(208g) Dynamical Analysis of an Integrated Signaling Network at a Genome-Scale

Recent advances in genomic technologies have generated more detailed descriptions of the critical components of signaling networks. Though many important components of different biological networks have been identified and quantified, a holistic approach to understanding of interactions inside a network and between different cellular networks is essential to enable more intelligent design of therapeutic agents for treatment of human diseases arising from defects in cellular signaling mechanisms.

In this presentation, we perform in silico analysis of a cellular signaling network. Two fundamental challenges remain for the genome-scale analysis of cellular signaling networks: (1) how to interface cellular signaling reconstructions with metabolic and regulatory networks; and (2) how to analyze dynamic properties of signaling networks at a genome-scale. To address these issues, we characterize time-scales of important network components (e.g., chemical reactions, signaling events, etc.) in the Saccharomyces cerevisiae signaling system.
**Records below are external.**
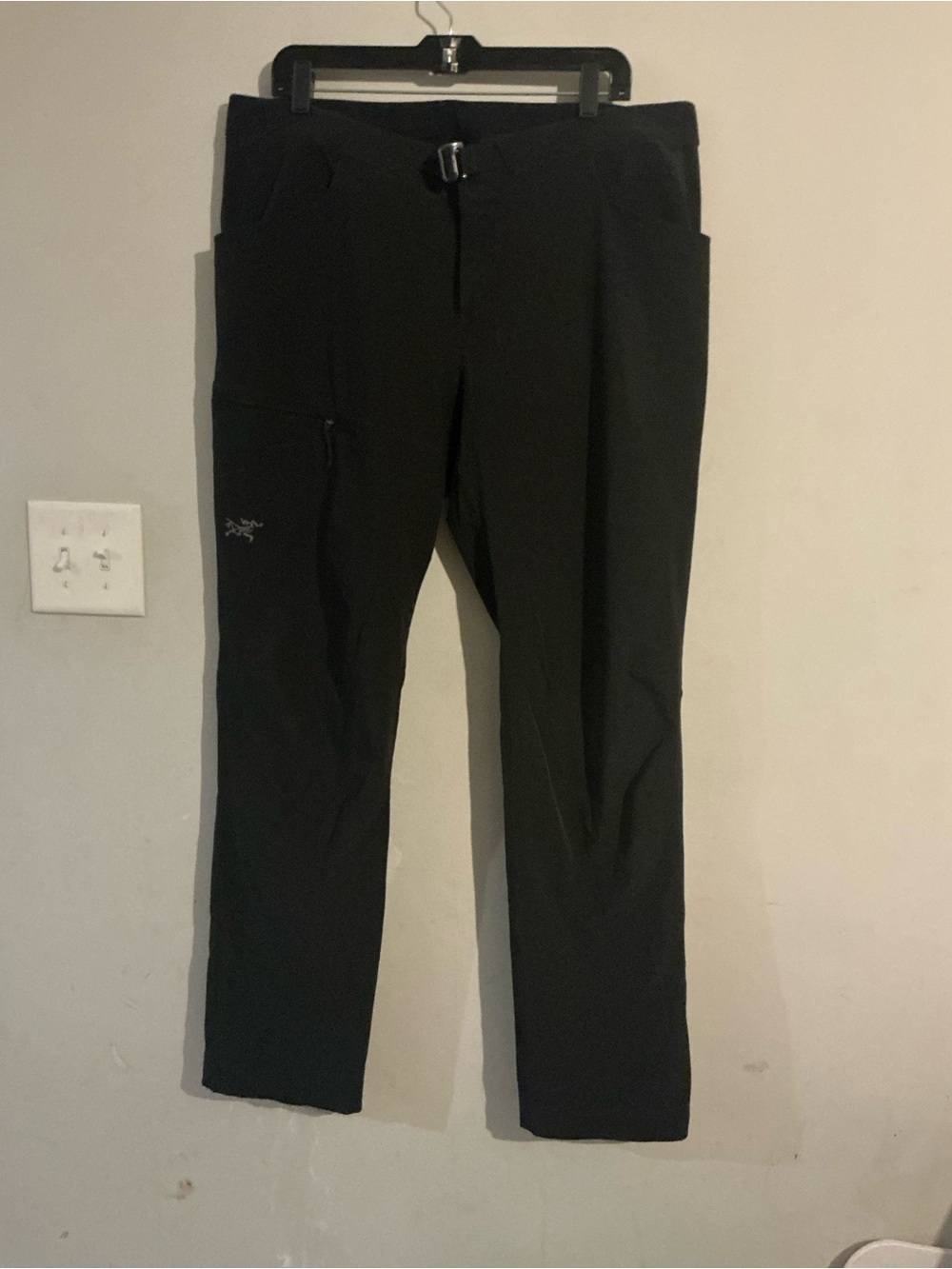 Arc'teryx Black Men's Cargo Performance Pants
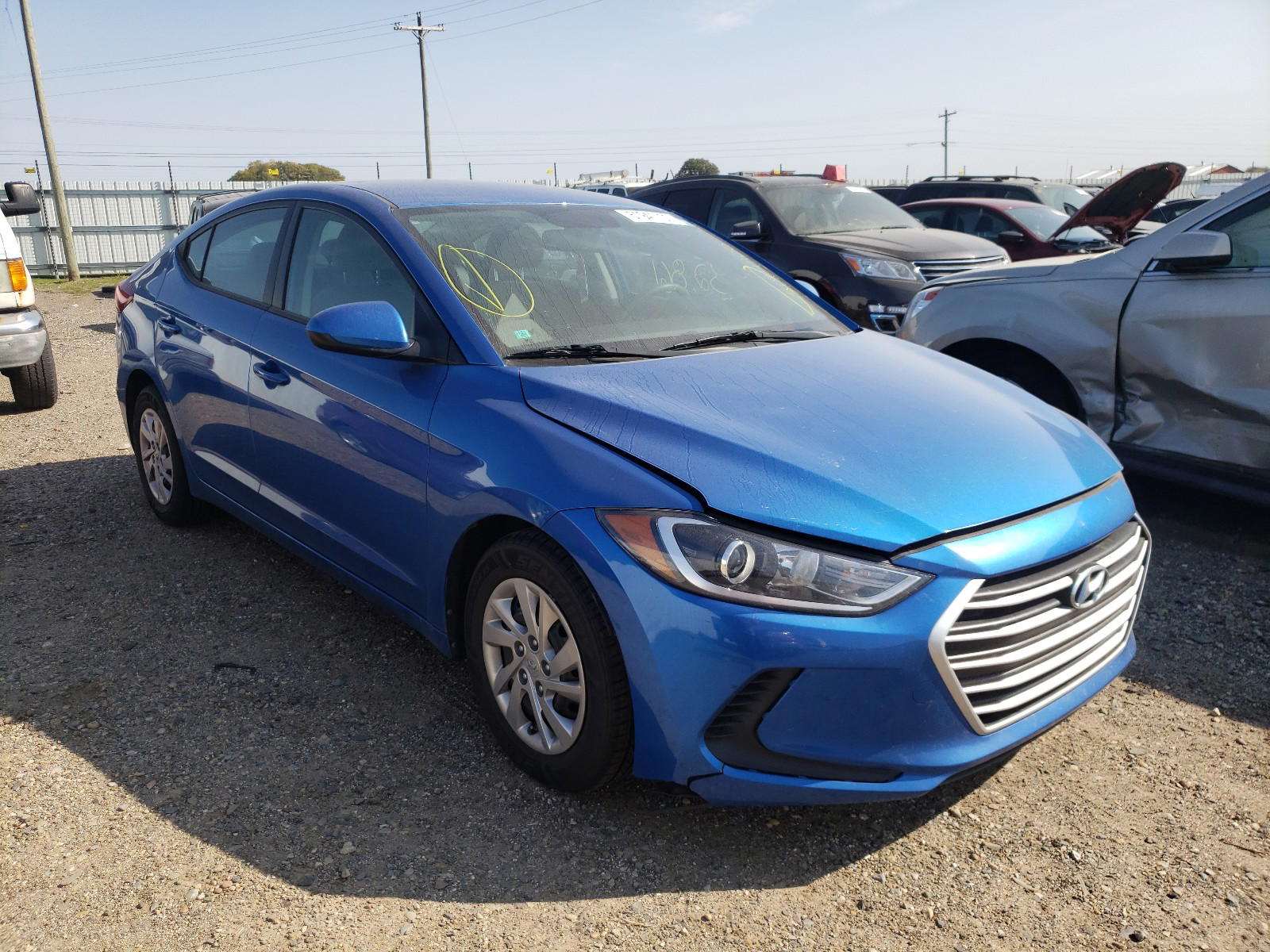 HYUNDAI ELANTRA SE 2017 with VIN KMHD74LF6HU301201 - Photo from auction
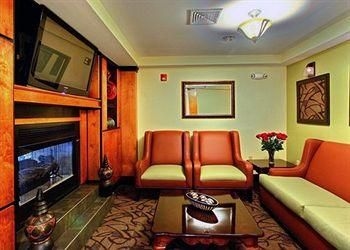 COMFORT INN DARIEN1
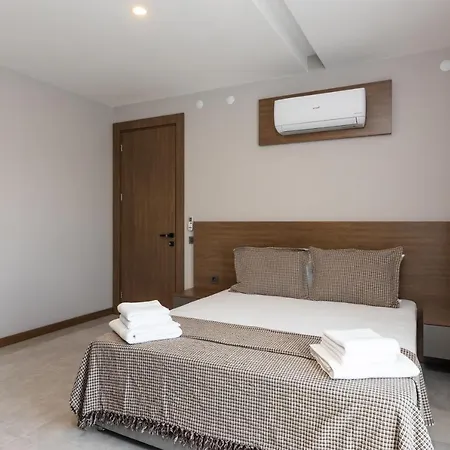 Hostel Bisuites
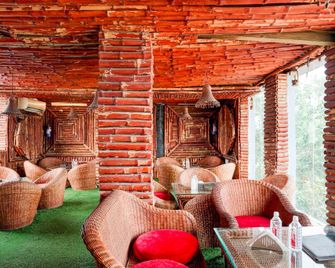 Townhouse Varanasi Ganga Ghat - Varanasi - Lounge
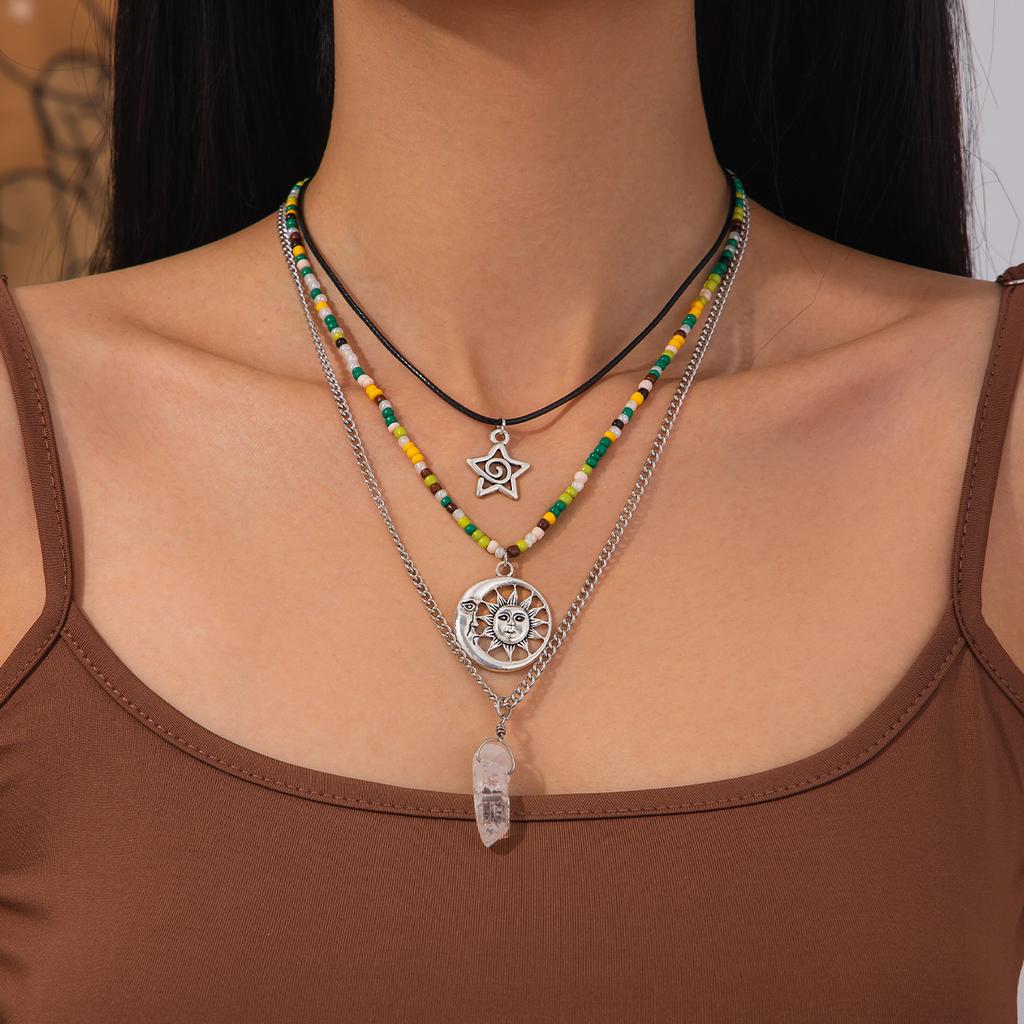 Vintage Blue Eyes Irregular Gravel Necklace Female, Ethnic Wind Star And Moon Pendant Wax Line Necklace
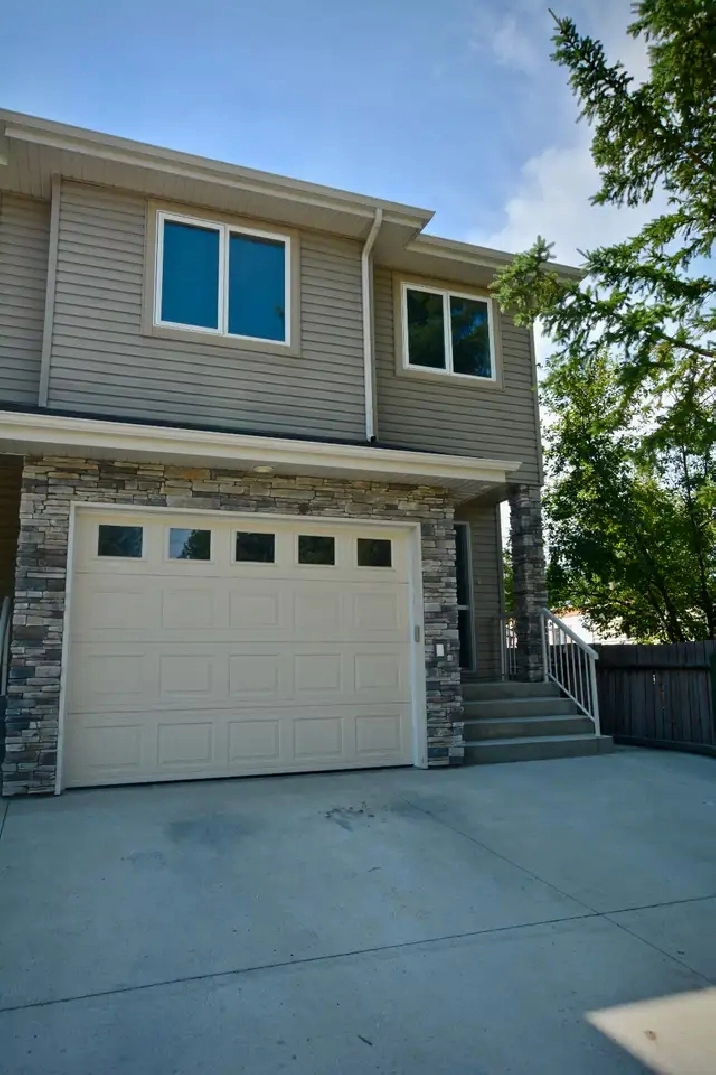 Furnished 3-Bed, 2-Bath suite with Garage in Drayton Valley!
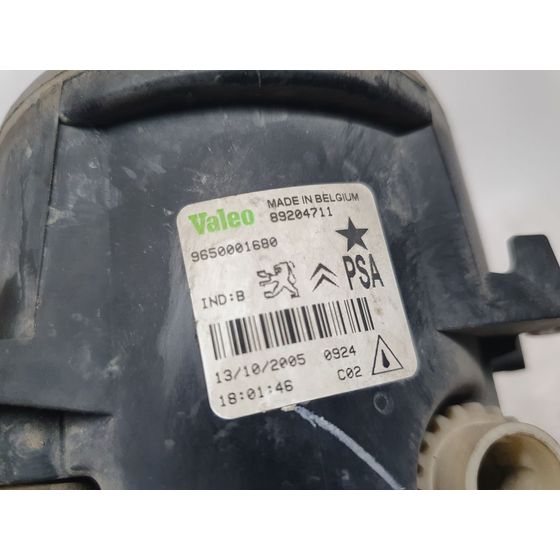 Faro Antiniebla Izquierdo Para Citroen Xsara Picasso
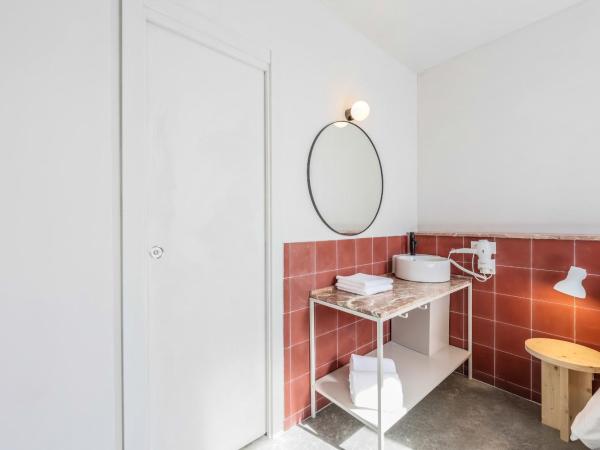 Madrid Live Coworking - SELF SERVICE - : photo 10 de la chambre chambre deluxe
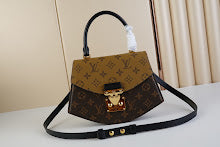 Chic Women's Crossbody Handbag - Luxury Premium Designer Style - NM4548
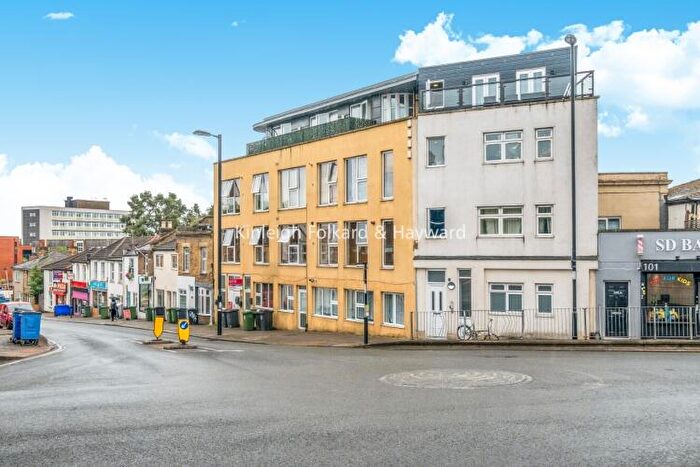 2 Bedroom Apartment To Rent In Dartmouth Road London, SE26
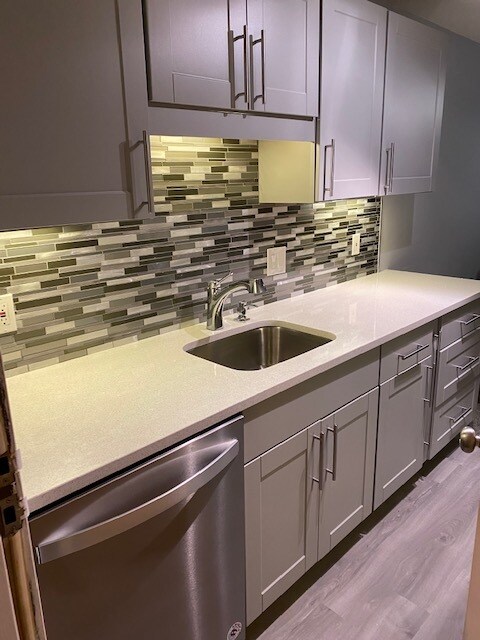 Building Photo - 7 Village Hill Ln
Because the integrated cellular network is characterized by different time scales, the system is ill-conditioned. To predict dynamic responses correctly, proper separation of time-scales is necessary. We begin with quasi steady-state assumptions for the chemical reactions and events that are ?relatively? fast. This gives us an idea of how slow modes of the integrated network are responding to external signals or perturbations. However, for complex systems, specifying quasi steady-state modes by examining every reaction kinetic would be laborious and difficult to implement. To predict dynamic behavior of such a large system, either a singular perturbation method [1] or a model reduction technique [2] that systematically separates slow/fast modes can be integrated. With the characterized dynamics, temporal integration and/or Monte Carlo simulation approaches can allow us to identify what events and reactions are important for a particular cellular function.

Finally, cellular objective functions (hypotheses) for the integrated cellular network are evaluated to analyze global biological design principles.

References

[1] Kumar, A. & Daoutidis, P. (2002). Nonlinear dynamics and control of process systems with recycle. Journal of Process Control 12, 475?484.

[2] Shvartsman, S. Y. & Kevrekidis, I. G. (1998). Nonlinear model reduction for control of distributed systems: a computer-assisted study. AIChE Journal 44, 1579?1595.